- HOW TO COMPLETE THIS TASK
Only the lines below from the one that contains "На продажу: $99,900 (0.44 acres)" through the one that contains "image for item" should appear in your answer, exact and without pictures.

- DATA SUPPLIED
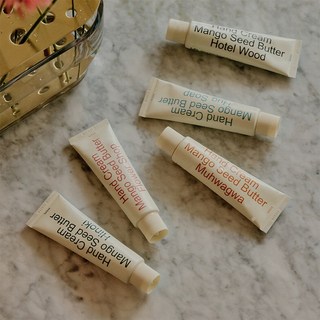 hetras 香氛保濕護手霜 50ML - 韓國小眾品牌，芒果籽油滋潤，簡約文青木質香, 1個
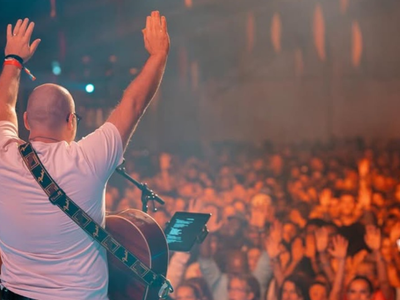 SAJE возобновляет партнерство с Jesus Festival в Паре-ле-Мониаль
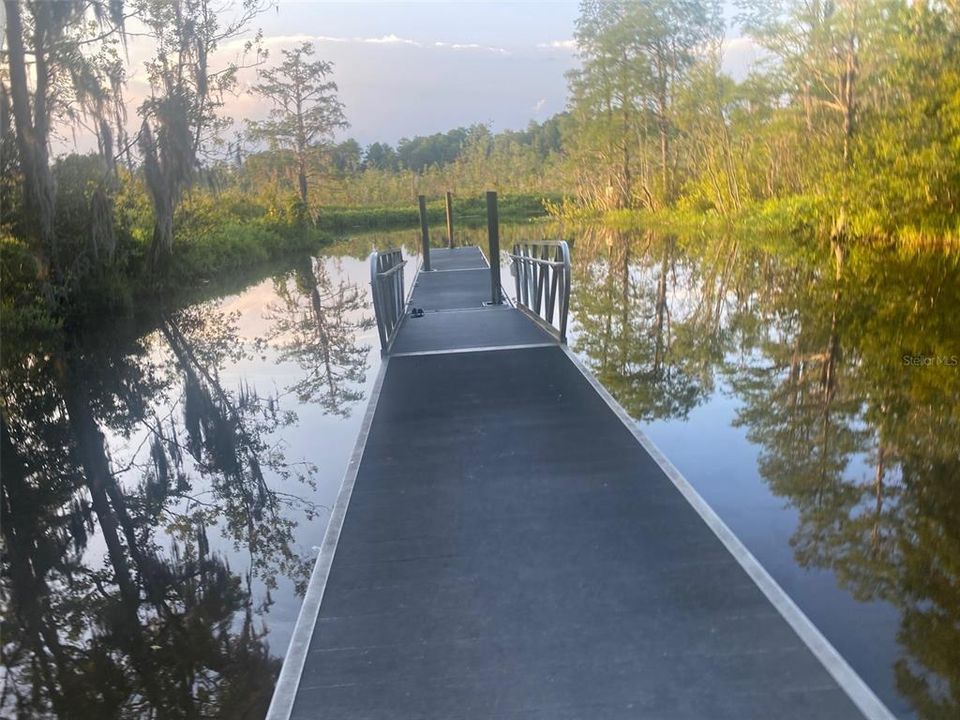 На продажу: $99,900 (0.44 acres)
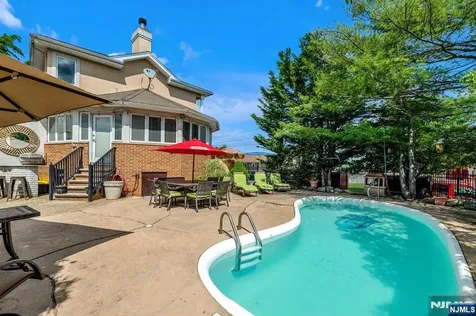28 Elizabeth Court Secaucus NJ 07094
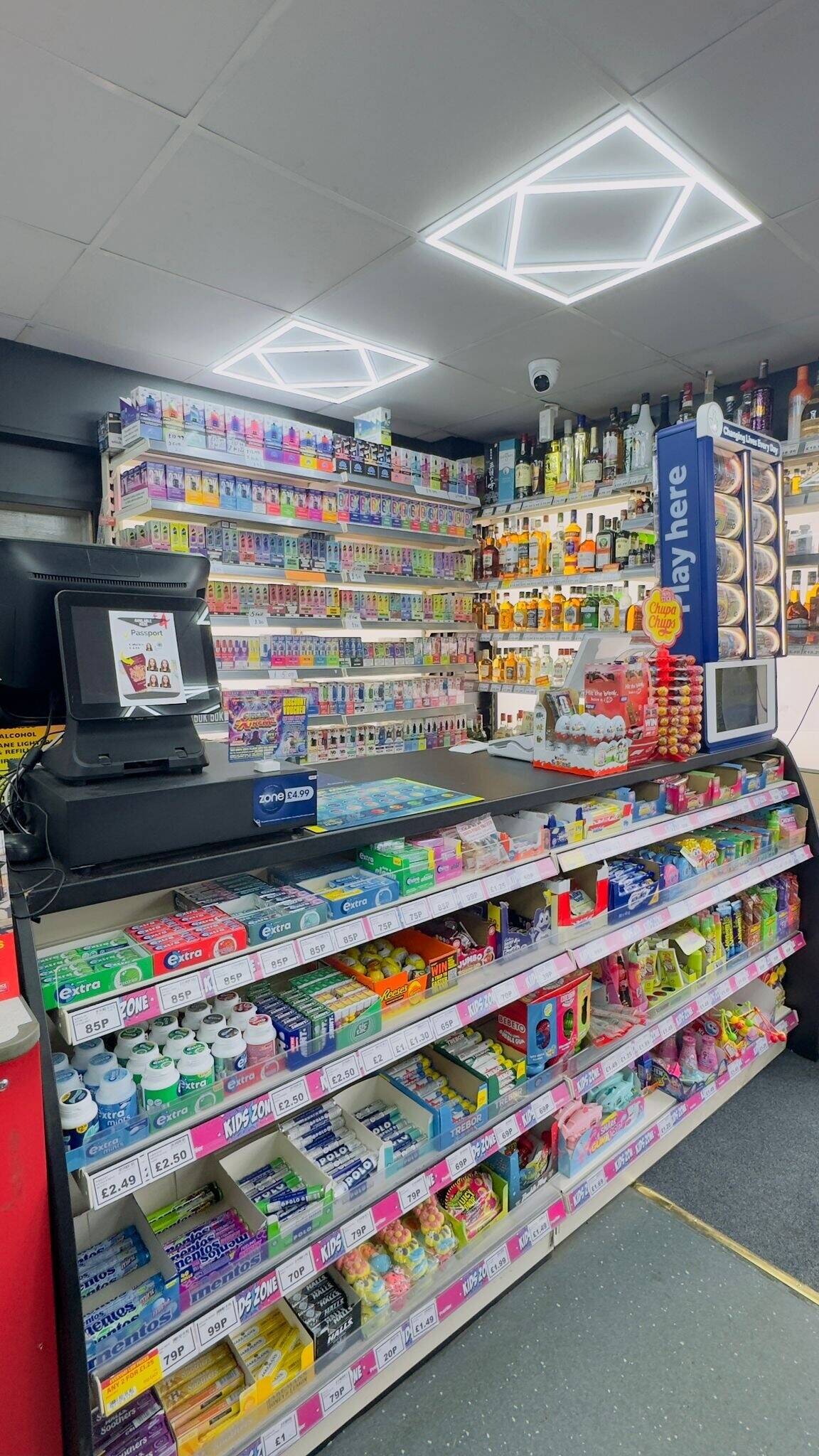 Post office/off licence for sale in near hinckly Photo 12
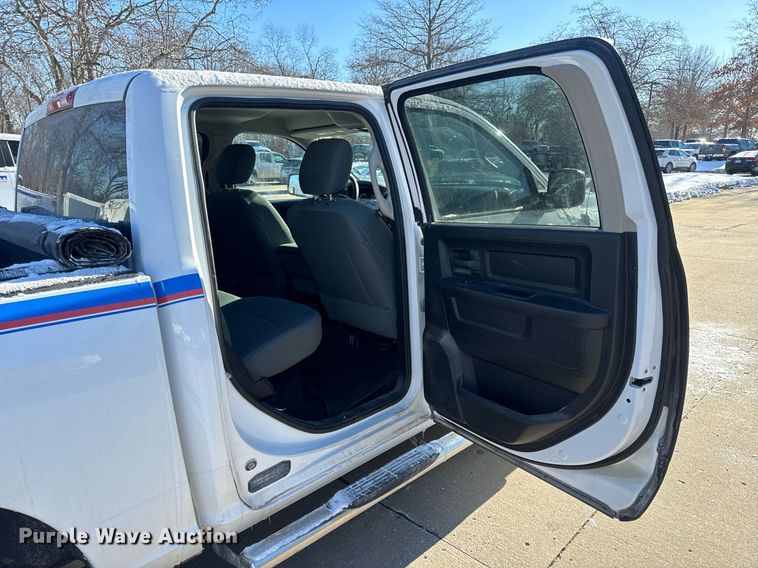 image for item EN5113 2015 Dodge Ram 1500 Crew Cab pickup truck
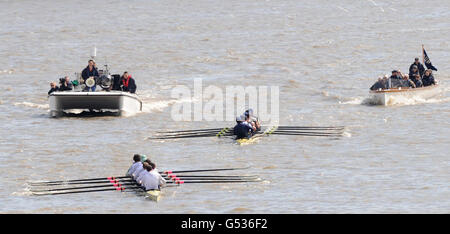 Rudern - The Veterans Boat Race - Cambridge / Oxford - London. Cambridge (links) und Oxford nehmen am Veteran's University Boat Race auf der Themse in London Teil. Stockfoto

- ANSWER SPACE
 На продажу: $99,900 (0.44 acres)
28 Elizabeth Court Secaucus NJ 07094
 Post office/off licence for sale in near hinckly Photo 12
 image for item EN5113 2015 Dodge Ram 1500 Crew Cab pickup truck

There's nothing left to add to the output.